To paraphrase Mr. Twain, reports of the demise of the industrial computer have been greatly exaggerated. Sure, recent technical advances are making the desktop PC-in-a-box and many of its traditional capabilities unrecognizable. However, there remain many applications in which operators need screen-based HMIs on or close to machines, production lines or other systems. So rather than eliminating the need for industrial PCs (IPCs) and enclosures, diversifying computing capabilities are fueling an increasing variety of new industrial computing form factors.

Evolution and Diversification

“There’s a lot of confusion in the market these days about what constitutes an industrial computer. Everyone even uses the word ‘ruggedized’ in different ways. So, we try to define an industrial PC by how well it matches its application.” says Ed Boutilier, president and CEO of Stealth Computer Corp. (www.stealthcomputer.com).

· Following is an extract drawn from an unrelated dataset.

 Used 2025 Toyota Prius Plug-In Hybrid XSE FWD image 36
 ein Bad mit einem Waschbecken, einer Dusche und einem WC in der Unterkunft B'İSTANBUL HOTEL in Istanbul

 “What makes an IPC worthwhile is an application’s downtime expense, and this is based on how much it will cost a user to replace the PC itself and how long it will take to transfer its data over to the new PC.”

 

Figure 1. A user performing real-time flood monitoring and alert services is using UNO-2053E and ADAM-4017 to remotely check water-level sensors in Malaysia’s rivers, and broadcast warnings when high water levels occur.

Mike Berryman, market development director in Advantech Corp.’s (www.advantech.com) industrial automation group, explains, “The transformation of industrial PCs from desktops to all the variants we’re seeing now is caused by open computing technologies—such as Ethernet and Intel’s processors—being driven from commercial settings and into the industrial space. This is why things are moving so fast now. PCs can now use Flash memory to run at 2 GHz without a fan or other moving parts, which improves reliability, lets PCs be located on DIN rails and even lets them look like PLCs. In the past five years, Intel’s low-power, low-heat Centrino processors have allowed builders to put a heat sink on their PCs and run at 60 °C to 70 °C without a fan.”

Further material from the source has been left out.